Llama-2-13B-GPTQ
Property | Value |
---|---|
Base Model | Meta Llama-2-13B |
Parameter Count | 13 Billion |
License | Llama2 |
Paper | Research Paper |
Author | TheBloke |
What is Llama-2-13B-GPTQ?
Llama-2-13B-GPTQ is a quantized version of Meta's Llama-2-13B language model, optimized for efficient deployment while maintaining performance. This implementation provides multiple quantization options, including 4-bit and 8-bit variants with different group sizes, allowing users to balance between VRAM usage and model accuracy.
Implementation Details
The model offers various GPTQ configurations, with the main branch providing a 4-bit quantization with 128 group size. Multiple branches are available for different quantization parameters, including options with act-order and varying group sizes (32g, 64g, 128g).

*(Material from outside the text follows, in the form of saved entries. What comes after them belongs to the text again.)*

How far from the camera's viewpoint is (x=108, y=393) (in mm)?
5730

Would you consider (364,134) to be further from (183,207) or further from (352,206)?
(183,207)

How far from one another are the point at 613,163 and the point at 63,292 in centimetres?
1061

- Multiple quantization options (4-bit and 8-bit versions)
- Compatible with AutoGPTQ and ExLlama
- Supports different group sizes for VRAM optimization
- Uses WikiText dataset for quantization
Core Capabilities
- Text generation with configurable parameters
- Supports both pipeline and direct generation approaches
- Integration with popular frameworks like text-generation-webui
- Flexible deployment options for different hardware configurations
Frequently Asked Questions
Q: What makes this model unique?
This model stands out through its variety of quantization options, allowing users to choose the optimal balance between VRAM usage and model quality. The 4-bit variants are particularly noteworthy for their efficiency while maintaining good performance.
Q: What are the recommended use cases?
The model is best suited for text generation tasks in English, particularly when deployment efficiency is crucial. It's ideal for scenarios requiring a balance between model performance and hardware resources.